昨日はビットコインが底打ち下ように見られ、そしてドルの長期金利も低下傾向を示したので、それが市場のリスク許容度の回復を促した。米国株は大きく反発し、リスクに敏感とされるクロス円も高い。ポンド円は154円台、ユーロ円は133円台になっており、これらは今年の最高値水準である。
一方でドル相場は軟化が続いた。それは短期金利を含め、ドル金利が低下したからでもある。ドル安が進行して、ほとんど戻る局面はなかった。
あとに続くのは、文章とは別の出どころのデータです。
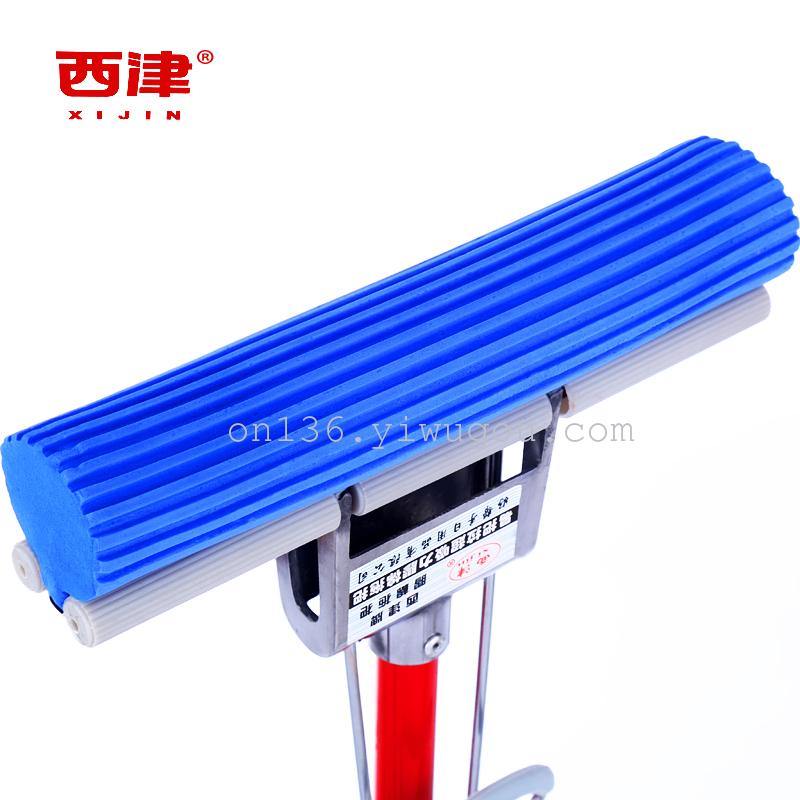 Xijin 201 powder-coated iron rod telescopic 27 cm rubber cotton head water-squeezing sponge mop absorbent floor mop Specification image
ユーロドルなどは1.22台なのだから絶対レベルから見てもドル安だなと思えるのだが、ドル円だけはレンジ内に収まってしまっている。
108円台と109円台を中心にして107円台から110円台がコアレンジだという動きから脱しきれないでいる。ドル円だけは手を出しにくく、どちらかというとドルを触るならばユーロドル、円を扱うならばユーロ円のほうが動きが納得しやすい。
ところでワクチン接種のペースが日本でも速まりそうだとされている。しかし依然として接種率は低い。このままだとあと2ヶ月となったオリンピックの開催までには間に合わなさそうである。マーケットでワクチンバブルが起こったのは昨年11月の大統領選の開票中のことであった。
それから日本政府は何をやって時間を過ごしていたのか。現状の感染者数のままでオリンピックを開催してしまうと強行開催だとのそしりを免れず、これだったら去年やったほうがよかったのではないかとの疑念が残る。しかしオリンピック中止の議論は湧き上がってこない。それを口に出すと非国民だとみなされるような風潮である。
したがって誰も猫の首に鈴をつけにいく人がいない。IOCもWHOも日本政府も、誰かが言い出してくれたらなといった感じで時間を無駄にしているように見える。6月に都議選の告示があるが、それに向けて小池知事あたりが「英断」としょうして返上を言い出すのだろうか。そうなると戦後の政治史に名を残すのは確実であり、虚栄心の高い人にとっては実に魅力的に映る。とくに人気に陰りのある状況ではレガシーを作りに行く可能性が高いものだ。